DHEA prevents Aβ25–35-impaired survival of newborn neurons in the dentate gyrus through a modulation of PI3K-Akt-mTOR signaling

Infusion (i.c.v.) of β-amyloid 25–35 (Aβ25–35) stimulates proliferation of progenitor cells in the hippocampal dentate gyrus (DG) of adult male mice, but a large population of the newborn cells will die in the 2nd week after birth, a critical period for neurite growth. Neurosteroid dehydroepiandrosterone (DHEA) has been demonstrated to promote neurite growth. Herein, we report that the DHEA-treatment on 6–12 days after BrdU-injection (BrdU-D6–12) dose-dependently attenuates the loss of newborn neurons induced by Aβ25–35-infusion.

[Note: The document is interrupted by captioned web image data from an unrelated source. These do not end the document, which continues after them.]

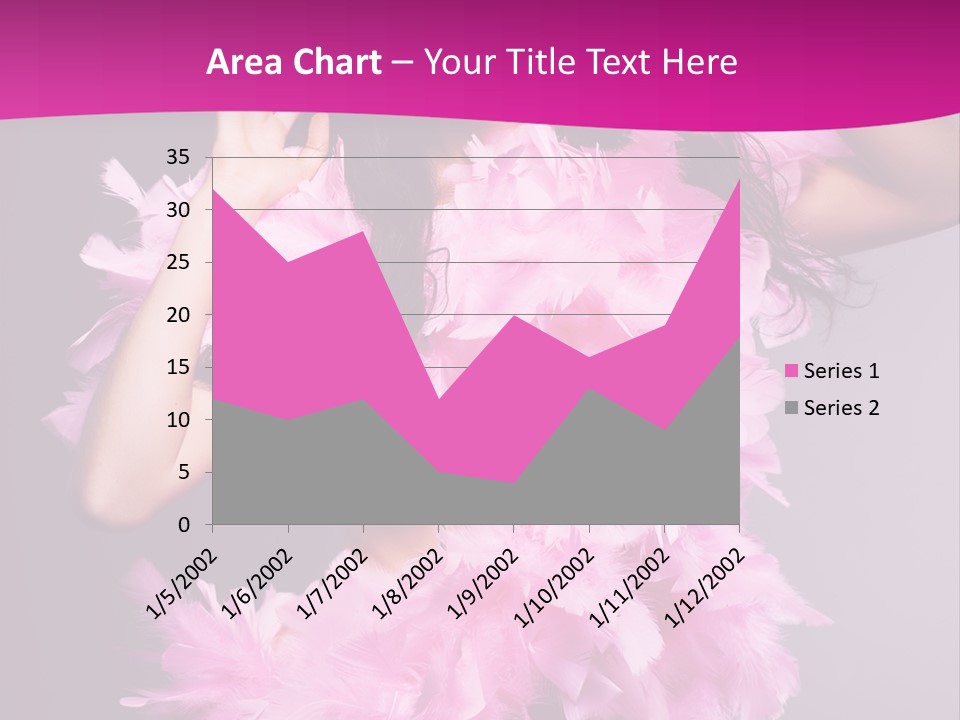Acting Caucasian Beautiful PowerPoint Template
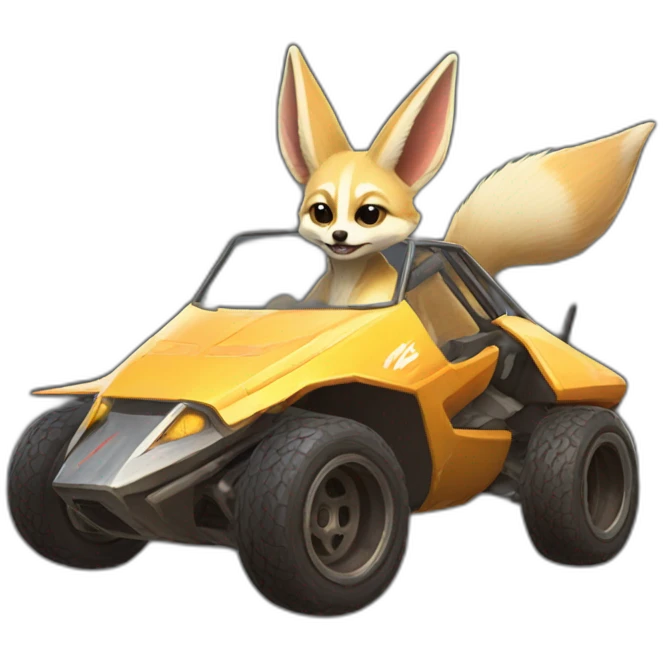 Fennec rocket league car emoji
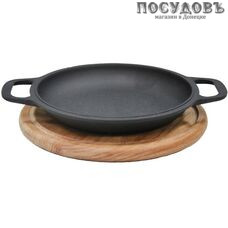 Биол 02042D сковорода Ø220×34 мм, чугун литой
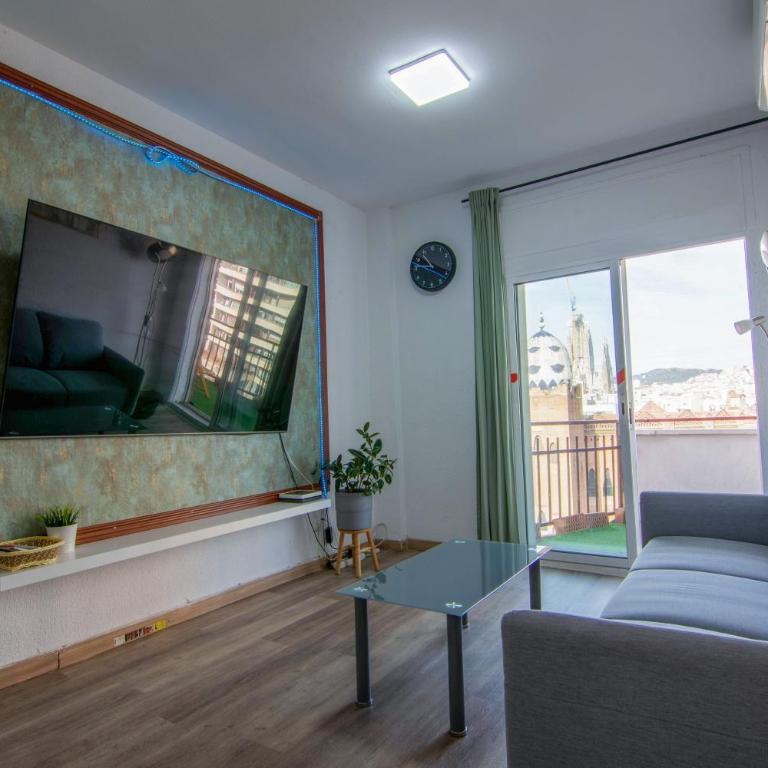 Apartament Sagrada Familia - Three-Bedroom Apartment - 4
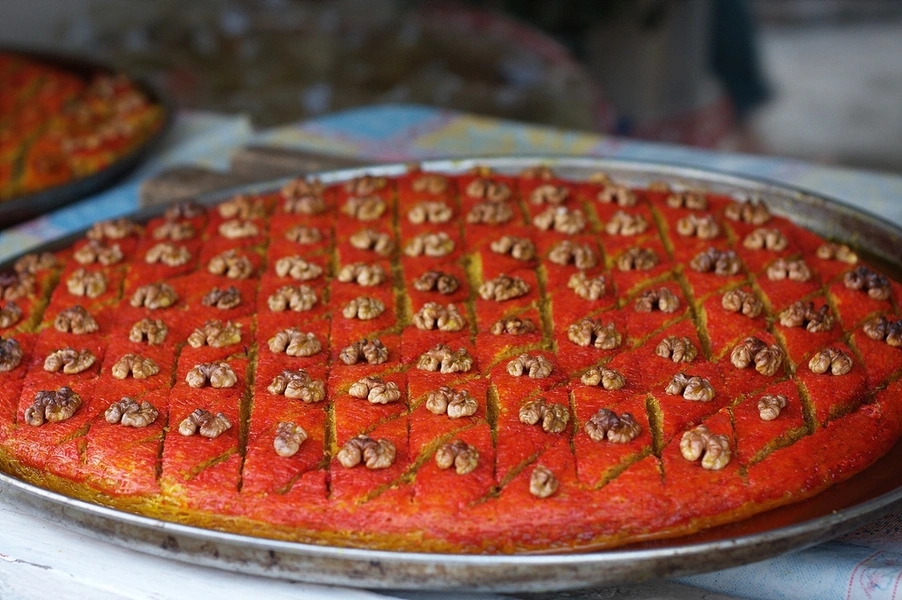 Пахлава по-шекински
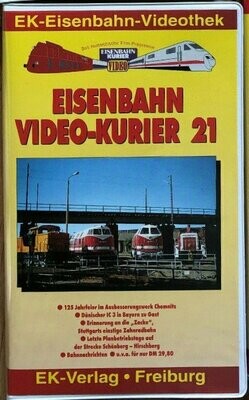 Eisenbahn Video-Kurier - Ausgabe 21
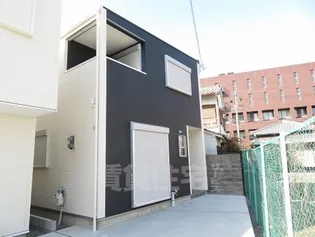 兵庫県西宮市笠屋町【一戸建】の外観
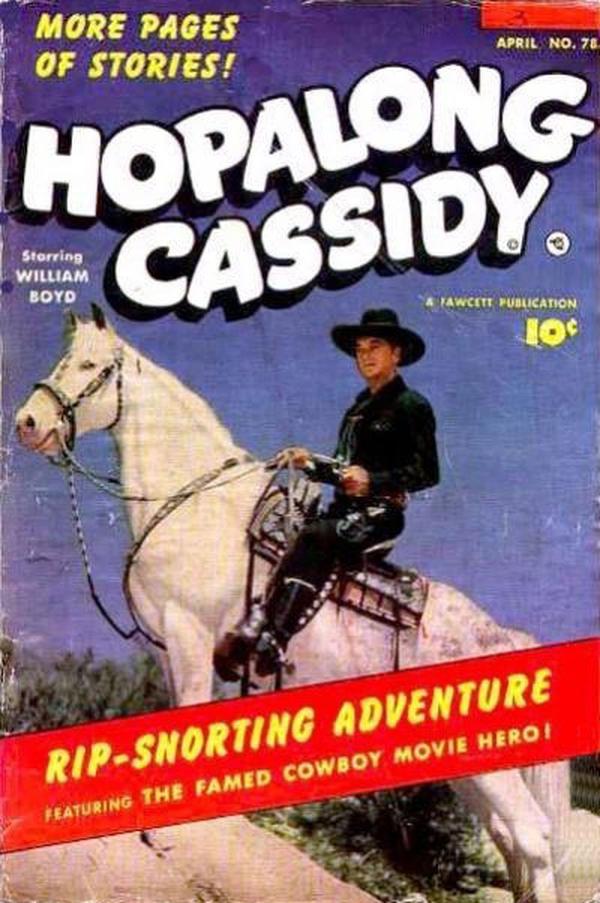 Hopalong Cassidy #78 cover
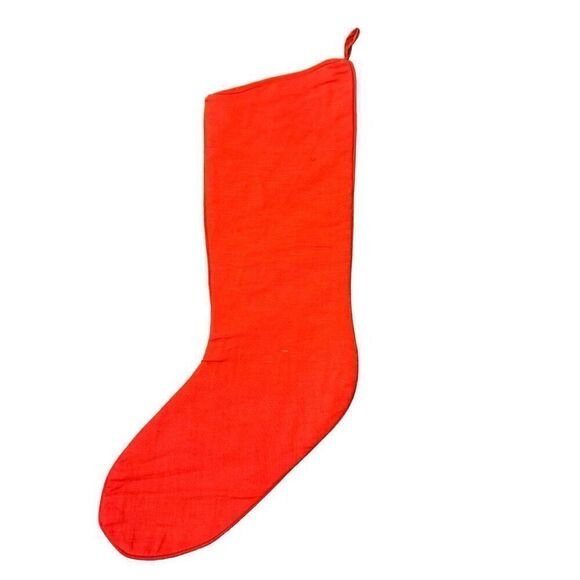 Vintage Needlepoint Christmas Stocking Manger Nativity Scene Jesus 20.5”x6.75” - Picture 5 of 6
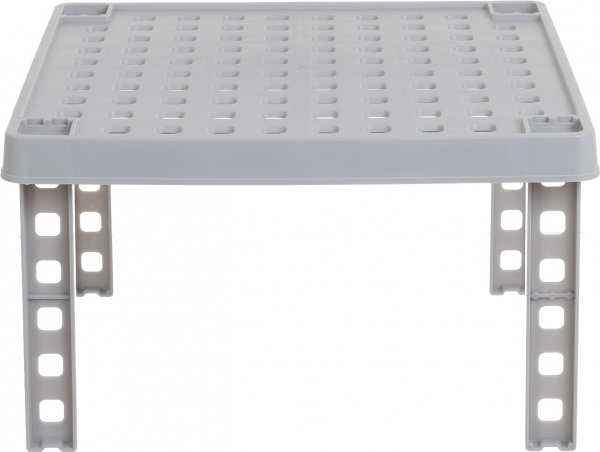 Этажерка Gonpa G-236 квадратная Raffy 20x258x258 мм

The DHEA-neuroprotection was blocked by the σ1 receptor antagonist NE100 and mimicked by the σ1 receptor agonist PRE084 when administered on BrdU-D6–12. The DHEA-action was sensitive to the PI3K inhibitor LY294002 and the mammalian target of rapamycin (mTOR) inhibitor rapamycin. The Aβ25–35-infusion decreased the levels of Akt, mTOR and p70S6k phosphorylation, which could be rescued by DHEA-treatment in a σ1 receptor-dependent manner. Furthermore, the Aβ25–35-infusion led to a decrease in the dendritic density and length of doublecortin positive cells in the DG, which also was improved by the DHEA-treatment on BrdU-D6–12. These findings suggest that DHEA prevents the Aβ25–35-impaired survival and dendritic growth of newborn neurons through a σ1 receptor-mediated modulation of PI3K-Akt-mTOR-p70S6k signaling.